I now find it disturbing that the recent Public Accounts Committee hearing, the main question is on whether the banks will have to pay DIRT arrears. Is there any intention to pursue the depositors and to subject them to the code that was so diligently applied to me from the early 1970s?
Ms A.M., Wicklow
At the outset, let me say I am sorry I had to edit your letter somewhat for reasons of space, but its tone quite clearly conveys your anger at what has emerged in the recent hearings of the Dail Committee of Public Accounts on the non-payment of Deposit Interest Retention Tax (DIRT) by banks on bogus non-resident accounts.
Despite your feelings in 1993, you were not by any means the only person to have quite correctly paid the full marginal rate of tax on your interest income from building society or bank accounts. As you point out, any tax due over and above the basic rate deducted at source by the banks had to be declared by the account holder in their annual tax return. This practice was ended in the 1993 Finance Act, which determined that DIRT would henceforth be deducted only at the standard rate on all interest.
The reason the banks have been targeted by the Committee on Public Accounts inquiry is that responsibility for deducting DIRT lay with the banks. It was done by self-assessment and, as emerged at the hearings, went largely unpoliced by the Revenue. However, while it is the banks that will be penalised, if anyone, as the errant collectors of the tax, I have no doubt that many of them will pursue those ultimately responsible for the missing tax - the holders of the irregular nonresident accounts.
One of the concerns, especially of the Revenue, is that some of the initial deposits may themselves have been untaxed while, as you point out, you and others were paying exorbitant rates of tax on income which had already been taxed under the PAYE system before it was lodged in the building societies and banks.
Whether all the tax due will be retrieved is uncertain due to various factors, including cost and the two tax amnesties under which some of the due tax may have been declared. Given the public mood at present, it is nonetheless likely that many will find themselves with tax bills and penalties of varying sizes.
Property
I am an Irish citizen living and working in the Republic. I am thinking of investing in property in the UK and need clarification on my liability to tax. Does the Bacon report extend to income generated from overseas sources? That is, am I liable for tax on the rent or the amount of monies remitted to Ireland? I am thinking of going through a UK agent, who will collect the rent, pay off the mortgage and deduct charges. Therefore the amount remitted to the Republic would be minimal compared to the rent. I believe that non-residents purchasing property in the Republic and using agents to pay off the mortgage are only liable to tax on the difference between the rent and mortgage.
Ms C.N., e-mail
Post-Bacon, the system is very clear and, I am afraid, not in your favour.
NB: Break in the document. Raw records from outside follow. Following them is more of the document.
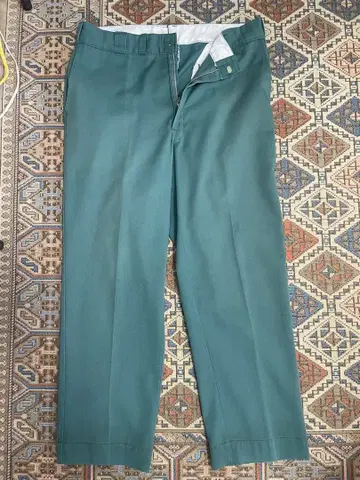 디키즈 874 usa 워크 팬츠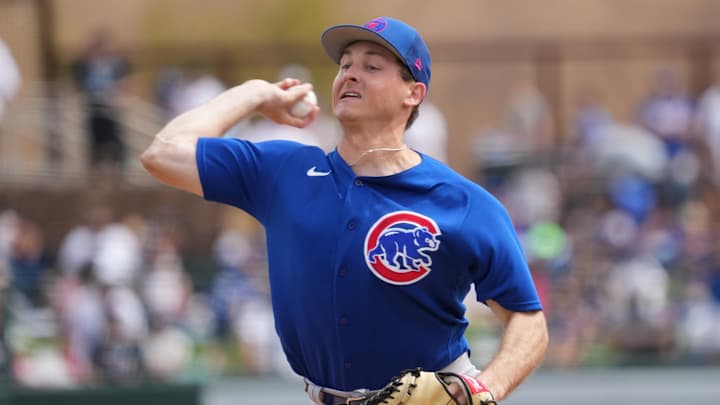 How to Watch Chicago Cubs at Reds Tuesday, Channel, Streams and Lineups How to Watch Chicago Cubs at Reds Tuesday, Channel, Streams and Lineups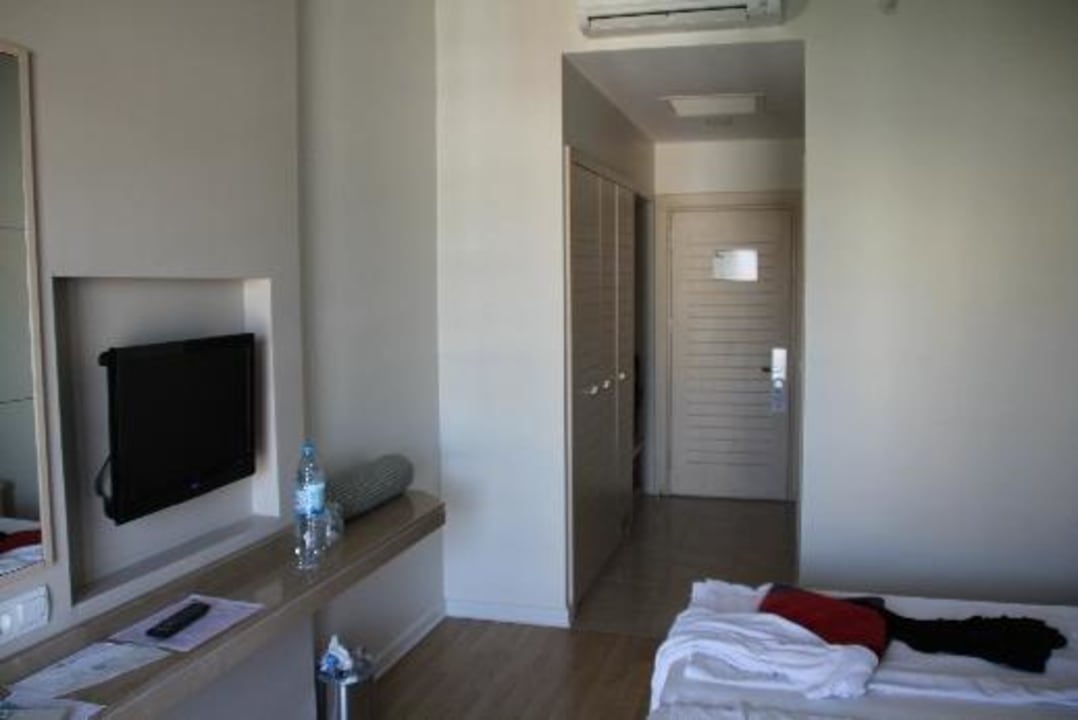 Zimmer Hotel Thalia Unique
The first thing to say is that, as an Irish tax resident, your worldwide income is liable for tax in the State, regardless of where it is earned or from what sources.
Secondly, the terms of the Bacon report as they apply to allowable deductions operate equally on property held by Irish tax residents within and outside of the State.
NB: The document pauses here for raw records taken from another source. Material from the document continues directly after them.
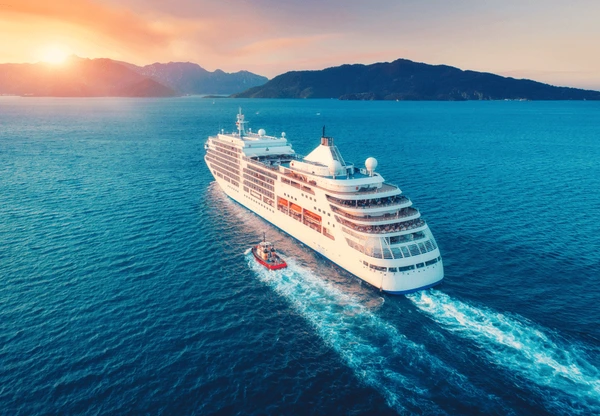 Dream of Being on a Cruise Ship: 20 Signs
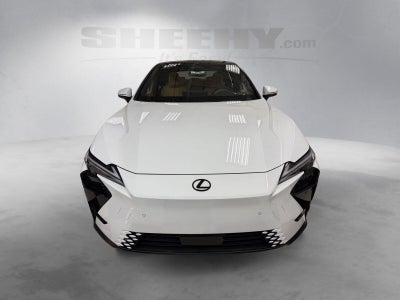 2026 Lexus ESe ES 500e PREMIUM AWD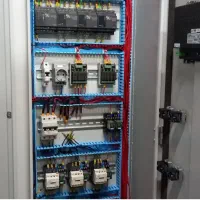 آموزش برق صنعتی برنامه نویسی پی ال سی و اچ ام آی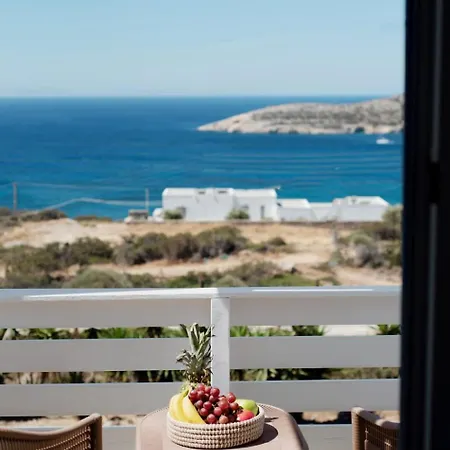 Tani Agios Georgios (Antiparos)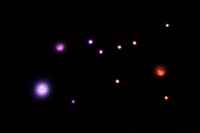 Planets
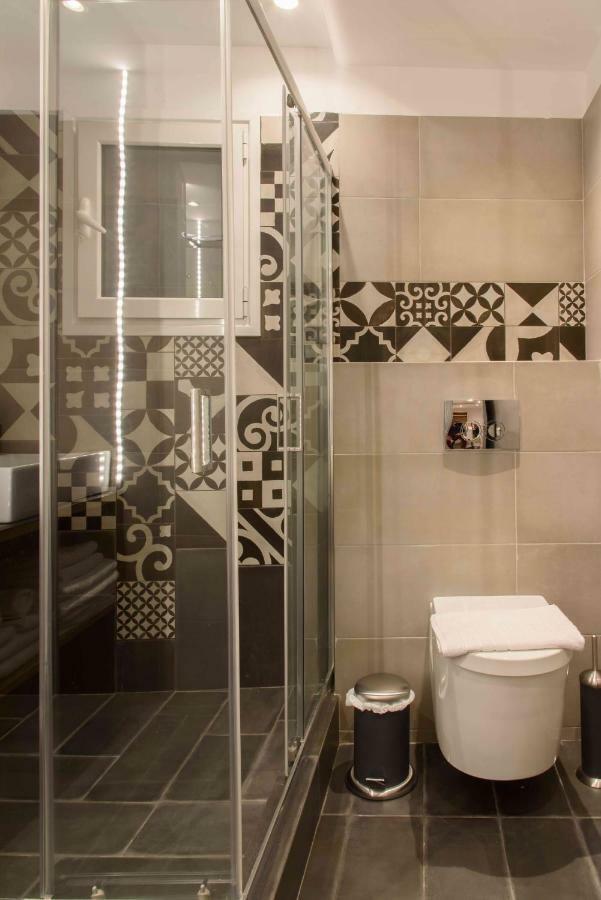 Electra & Myrto Apartments Ateny Zewnętrze zdjęcie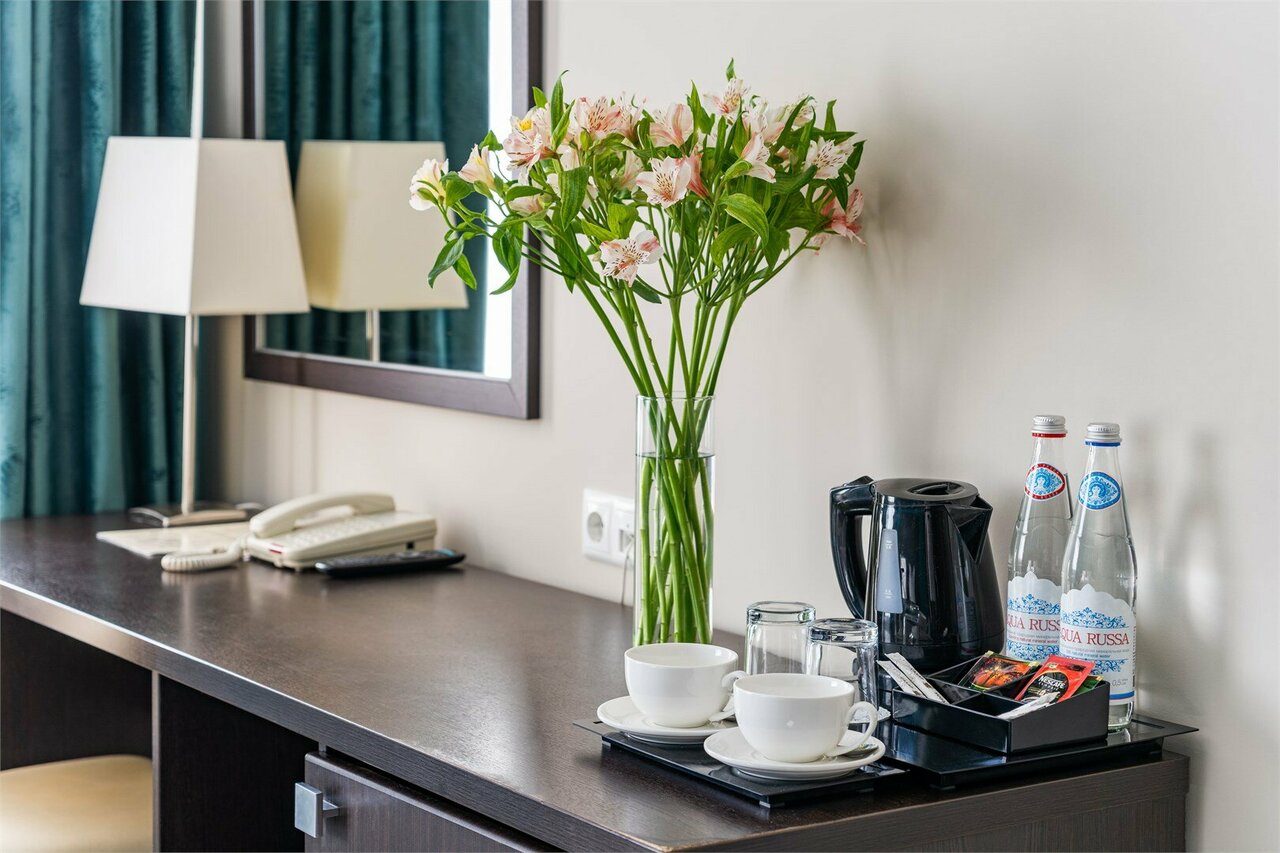 Гостиница Балтия Санкт-Петербург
What that means in practice is that the landlord can deduct costs incurred in renting property - agent's and other relevant fees, insurance, maintenance and possibly, in the case of lettings outside the euro zone, currency costs. You can also offset the cost of fixtures and fittings, such as furniture, wardrobes, cookers etc. This is done at the rate of 15 per cent for the first six years and the remaining 10 per cent in the seventh year.
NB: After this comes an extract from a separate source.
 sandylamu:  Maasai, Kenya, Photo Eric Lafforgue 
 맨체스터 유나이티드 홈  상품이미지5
What you cannot deduct is the cost of servicing the mortgage on the property, or indeed the interest on any money borrowed to repair or improve the property. These restrictions apply in the case of foreign properties from May 1998.
Although it is not directly applicable in your case, I believe the situation applies to all money borrowed in this State for the purchase of property in the State, even by non-residents. If they have borrowed money abroad the situation may be different, but they would, in any case, be liable to pay tax.